An important side note: This example made an assumption, for simplicity’s sake, that horseplayers should not routinely make about exactas. We took it as a given here that horses B, C, and D had the same comparative chance to finish second to Horse A as they did to win the race. There is a fruitful line of thought that this is often not the case, for reasons of pace or consistency. An erratic front-runner who can win when he breaks well and sets a moderate pace may have a 20 percent chance of winning but a much smaller chance of ever finishing second, since he stops badly when challenged early. Conversely, a chronic early lagger may clunk up for second far more often than he ever wins.

These kinds of horses present additional opportunities because they are rarely bet proportionately to these different likelihoods in the exacta and trifecta pools. So many players insist on wasting their money with lazy betting techniques such as wheels and boxes that they overuse these horses in the wrong positions. A horse who is only 5 percent to win a race but perhaps 15 percent to run second is a terrible win bet at 10-1 but a great horse to use underneath in exactas if he is being bet there at the same rate.

Several of the examples in this chapter were chosen or constructed for their relative simplicity in illustrating a concept rather than for their real-world popularity. There are not many recreational horseplayers who find it sufficiently challenging or rewarding to turn $4 into $10.60 44 percent of the time. (Perhaps more of them should, if only to finance their sexier parimutuel undertakings.)
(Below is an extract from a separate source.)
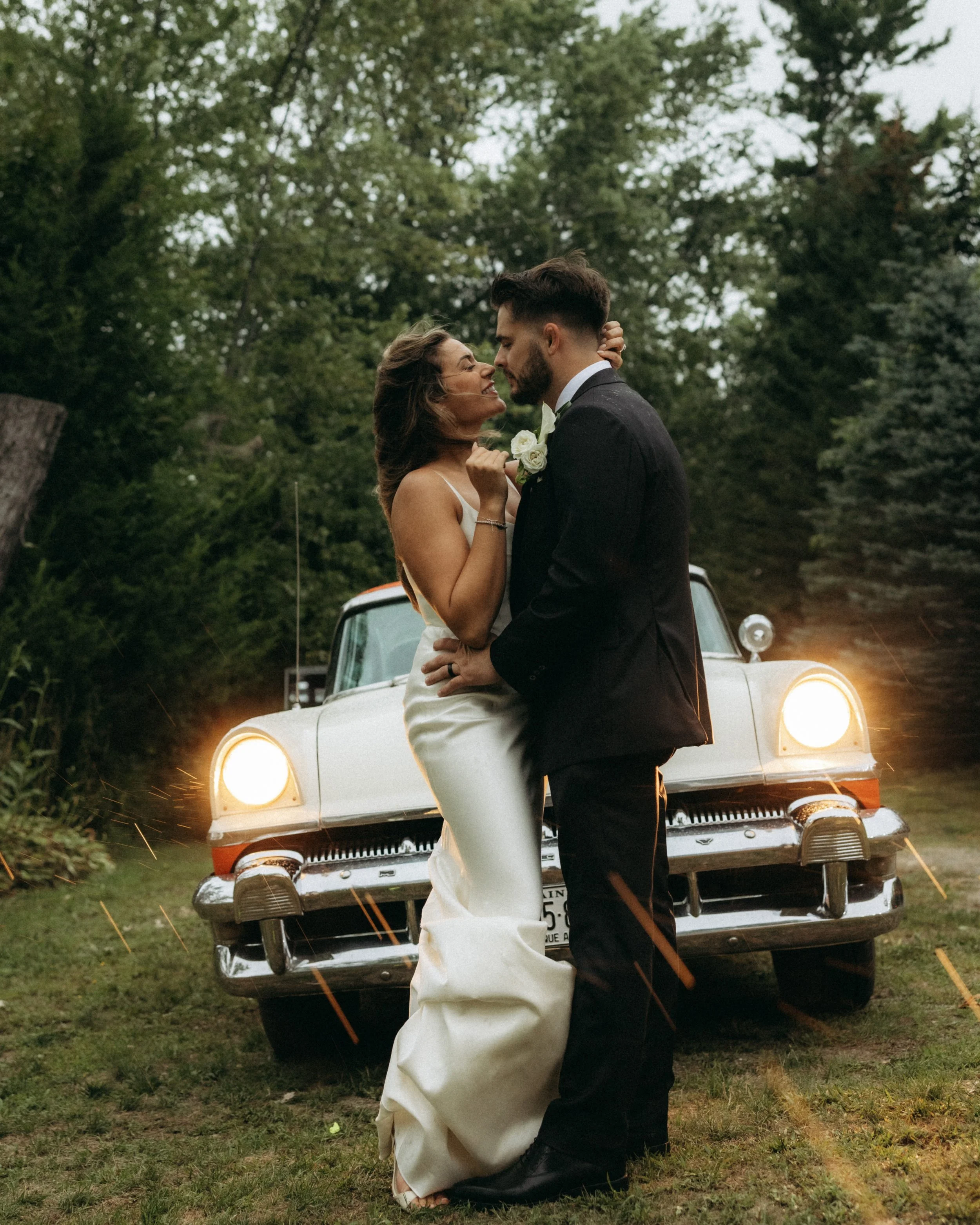 A couple dressed in wedding attire standing close together in front of a vintage white car. The woman is wearing a white wedding dress and the man is wearing a black tuxedo. They are outdoors amidst greenery, sharing an intimate moment with their fac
The same principles of value betting, however, apply regardless of the complexity or size of mutuels you are chasing. To summarize:

  1. Recognize the difference between picking horses and making wagers in which you have an edge. The only path to consistent profit is to exploit the discrepancy between the true likelihood of an outcome and the odds being offered.
  2. You are playing against only the other bettors at the track, not against the game or the house. Although they do a pretty good job on the whole, your opponents make more than enough mistakes for you to win.
  3. Multiple bets can make apparently valueless races highly playable, and can multiply the existing value in a race because of the opportunity to capitalize on more than one discrepancy on the board.

If all of this seems too calculating and joyless, by all means feel free to forget about it and enjoy yourself at the races betting horses you fancy regardless of their price. You’ll have plenty of company, and the rest of us could use your money.